John saw the body of a tall, large-boned man, dressed in a rough tweed suit and cricket shirt, still wet with the heavy dew and streaked with dust and blood. The close-range bullet had terribly disfigured the face, but the round, smooth chin, thick hair and smooth eyebrows proclaimed him a man still on the youthful side of forty. The hands, one of which was bruised and broken at the wrist, were large, rough-skinned and ill-cared-for, but shapely.

There was a silence, during which the shed seemed to be filled with the loud humming of a large bee, which was endeavouring to find a way out through the closed, cobwebby panes of the window.

“Yes,” repeated Felix. “It's Charles right enough. I'd hoped—”

He broke off suddenly and turned away.

“Dr. Browning tells me,” remarked Lovell, looking quietly down at all that was left of Sir Charles Price, “that a signet-ring is missing. Did you notice a ring on the finger yesterday, Mr. Felix?”

“Yes,” answered Felix, watching the exasperated bee with vague, unseeing eyes. “He always wore one on the little finger of his right hand. It may have fallen off.”

“Was it loose?” Lovell picked up the limp right hand and casually compared its size with his own.

“I don't know,” replied Felix. “I didn't notice that it was. But it may have been.”

“Large knuckles,” remarked the Superintendent. “It would have to be a very loose ring that would slip off that finger.” He turned to John. “You're wearing a ring, sir. Would you lend it me a moment? That is,” he added, perceiving something gruesome in his request, “if you don't mind.”

John, not quite sure whether he minded or not, obediently slipped off the ring he wore on his little finger and handed it to Lovell. But the demonstration came to nothing. The ring would not go over the joint. Lovell handed it back.

“You can take my word for it, though,” he remarked. “A ring that would slip off that finger would have to be so loose its owner would never dream of wearing it there.
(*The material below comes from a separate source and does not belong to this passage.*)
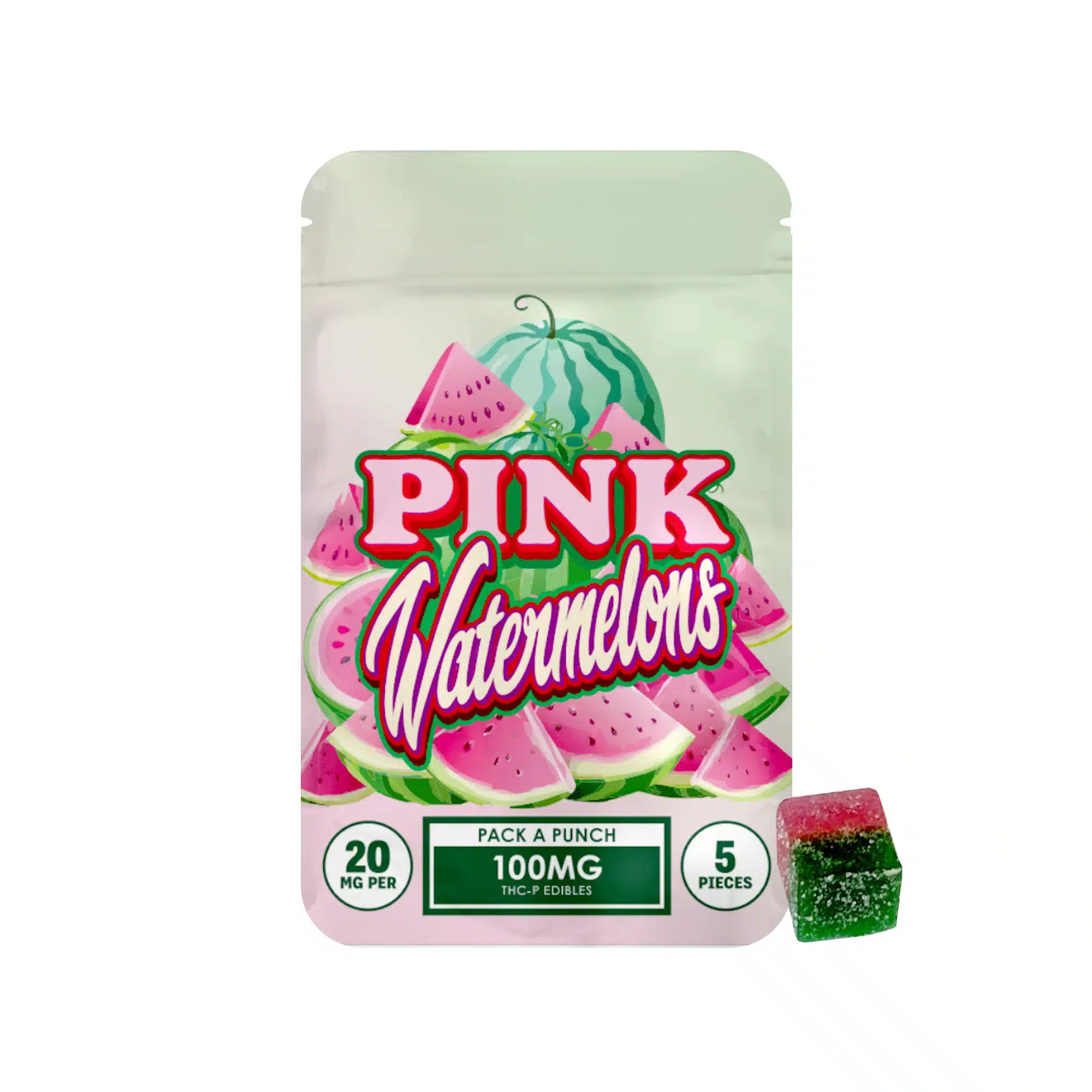 Hidden Hills Pink Watermelons Pack A Punch 100mg Edibles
The ground's been searched both at the top and bottom of the quarry, too. Well, it may turn up. I should be glad if you would look over the contents of the pockets, Mr. Felix, and tell me if anything is missing as far as you know. You'll find them all set out on the bench over there. I've made a list.”

While Felix glanced over the array of small objects set out on the dusty bench, Superintendent Lovell read from the paper in his hand.
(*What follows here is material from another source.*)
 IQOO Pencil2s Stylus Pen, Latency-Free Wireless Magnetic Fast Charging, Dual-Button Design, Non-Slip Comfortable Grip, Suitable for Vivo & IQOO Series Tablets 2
“A gold cigarette-case, two boxes of matches, a note-case containing five pounds in paper, seven and twopence in loose cash, a silk handkerchief, a bunch of keys, a silver pencil-case, a fountain-pen filled with red ink, a small photograph, a tube of cold cream, a few strands of wool, two cigarette cards and a handkerchief which has been used as a bandage.”

Felix looked vaguely at the small collection, which had a look of pathos set out thus neatly and incongruously on the dusty bench.
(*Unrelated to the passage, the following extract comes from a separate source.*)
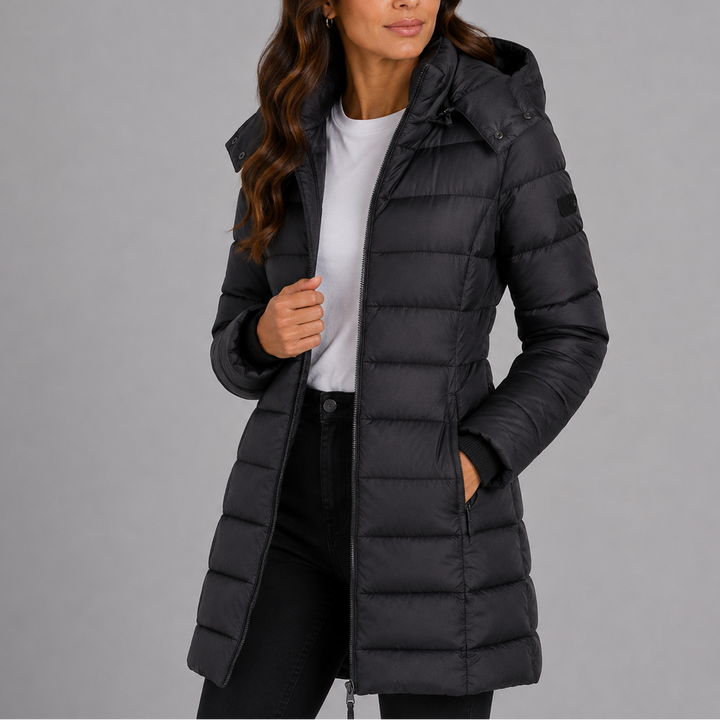 Women's Hooded Quilted Puffer Jacket — Black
“I don't know what he had in his pocket,” he said. “As far as I know, nothing's missing. I recognize some of the things. The handkerchief, and the cigarette-case, and the photograph. And I remember he had a tube of cold cream, for sunburn. And a fountain-pen with red ink in it. Yes, all those things are Charles's, I think, and I don't remember seeing anything that isn't there now.”